Combat between Hatamoto and the Daimyō does not award honor points to either participant.

== Honor and winning the game ==
Except for the beginning, at no point can two players have the same Daimyō or Samurai honor. If one player moves onto another players honor amount, the moving player progresses one additional square. Daimyō honor is gained in three ways: Selling Katanas, acquiring territory, and converting Samurai honor. At the beginning of the Daimyōs turn they may place three yellow triple katana tokens back in the support tile bag in order to progress up one Daimyō honor. the Daimyō may do this as many times as they wish, although it must only be done at the beginning of their turn. When the Daimyō gains territory they also gain the honor that territory provides, while if they lose a territory they lose any honor it provides.

Samurai honor may only be converted to Daimyō honor through a Tea Ceremony. The initiator (usually the Daimyō) must invite another player to the tea ceremony. If the other player agrees the initiator gives them 5 samurai honor. the tea ceremony initiator may then convert as much samurai honor as they wish to Daimyō honor, at a rate of two to one (i.e. 4 Samurai honor for 2 Daimyō). If the other player refuses, they lose 10 samurai honor as well as one Daimyō point for the disgrace. If players have less than 10 Samurai points they are not able to refuse a ceremony.
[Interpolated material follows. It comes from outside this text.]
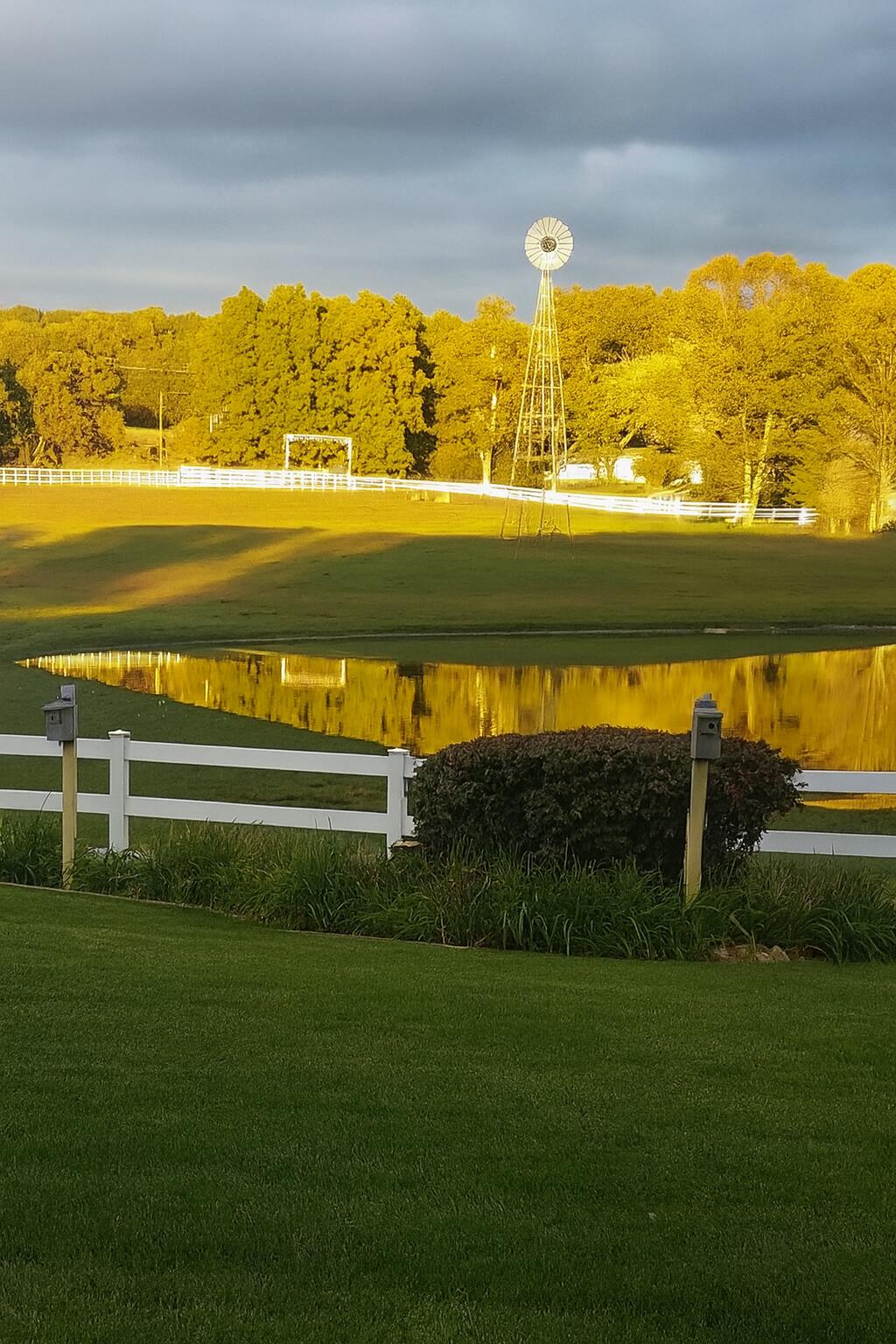 65650 Dailey Road Edwardsburg, MI 49112 - Photo 17 of 59 Think Spring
Once a Daimyō reaches 50 honor, they become the new emperor and win the game. Should no one reach this by the end of month 12, the Daimyō with the highest honor total wins.

== Strategy ==

The difficulty in Bushido is that all players are constantly regulating each other making it difficult to win. A samurai may throw a battle that would allow a Daimyō to win, while players may save their best effects for the crucial last couple months. Overall, players whom hope to win have to aim to do so suddenly and without appearing as a threat, or face the wrath of the other players. In this way Bushido favors a diplomatic player over a militaristic player.

== Sequels ==
Tanin the Stranger has recently been released in Europe as an expansion to the Bushido game.